Assigned task ▸ Write out the line that holds "登顿速8酒店(Super 8 by Wyndham Denton)图片" together with every line that follows it to the end of the material below, exactly. Omit the pictures.

(Supplied data begins)

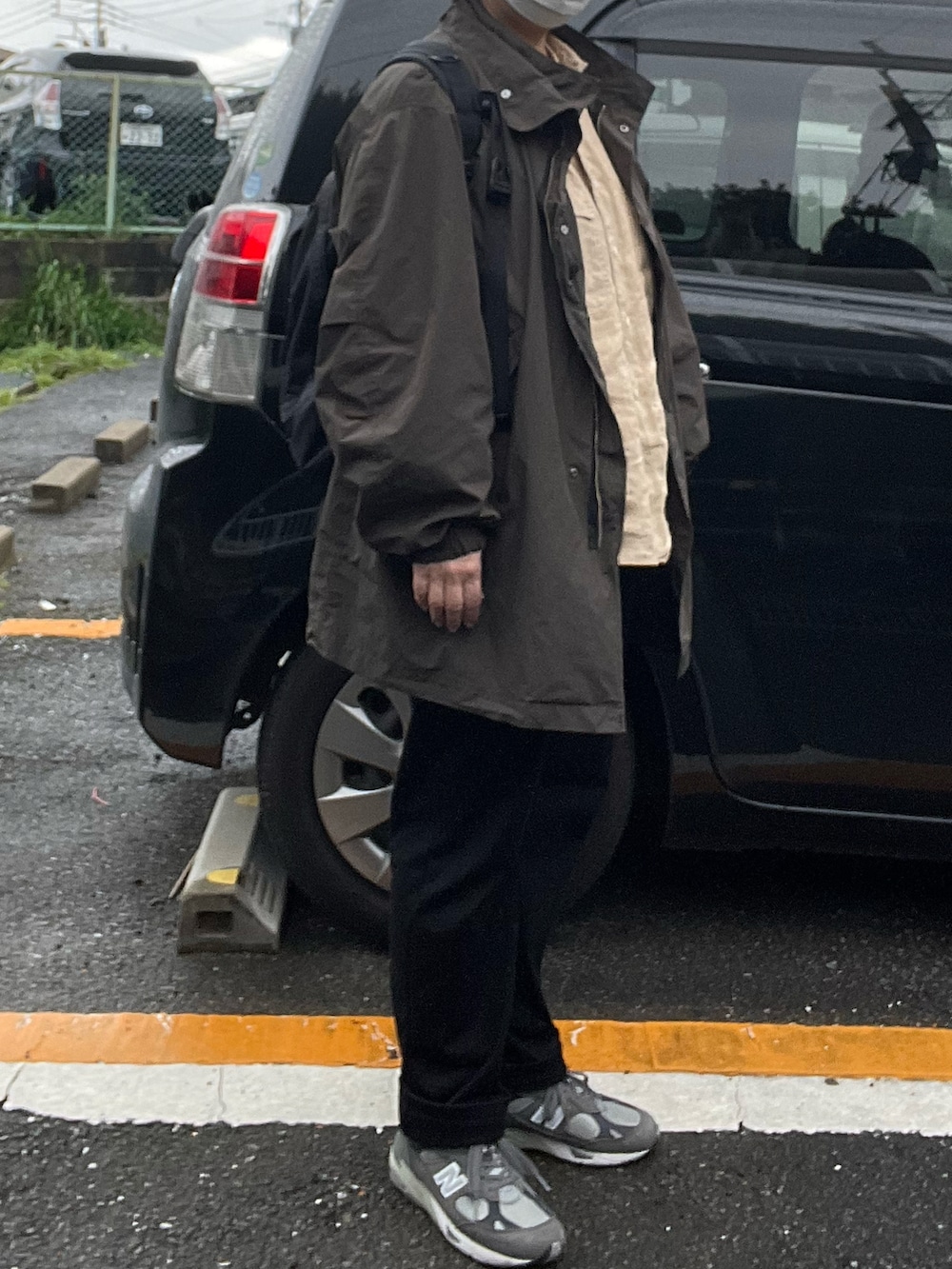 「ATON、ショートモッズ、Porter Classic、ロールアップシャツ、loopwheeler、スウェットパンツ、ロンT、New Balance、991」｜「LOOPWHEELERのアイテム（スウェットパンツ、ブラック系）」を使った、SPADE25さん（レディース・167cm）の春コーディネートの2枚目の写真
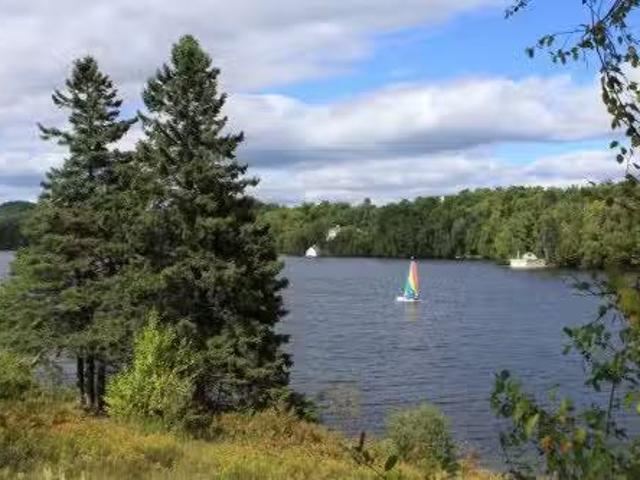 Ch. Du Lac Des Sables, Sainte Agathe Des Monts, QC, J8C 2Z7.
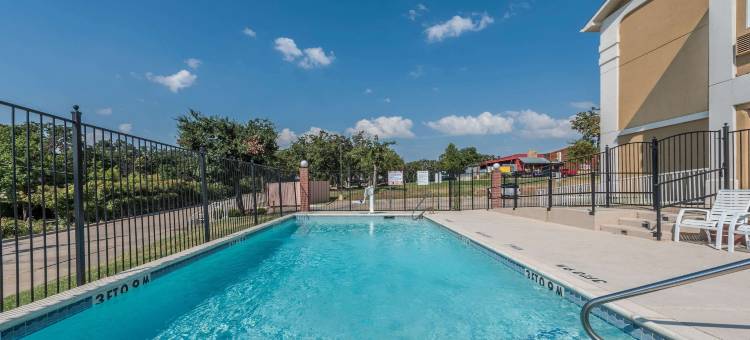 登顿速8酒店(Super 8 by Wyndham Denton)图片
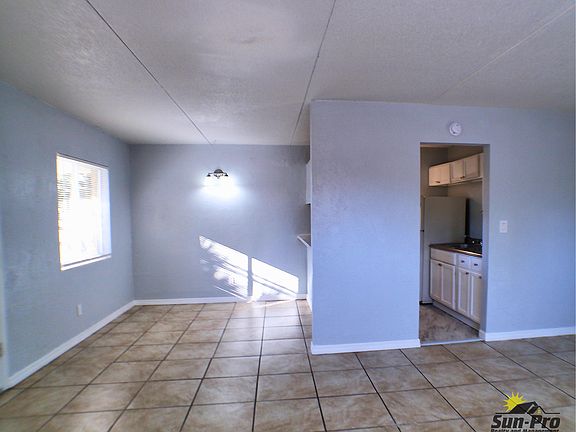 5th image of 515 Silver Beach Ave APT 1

(Supplied data ends)

Written solution ▸
 登顿速8酒店(Super 8 by Wyndham Denton)图片
 5th image of 515 Silver Beach Ave APT 1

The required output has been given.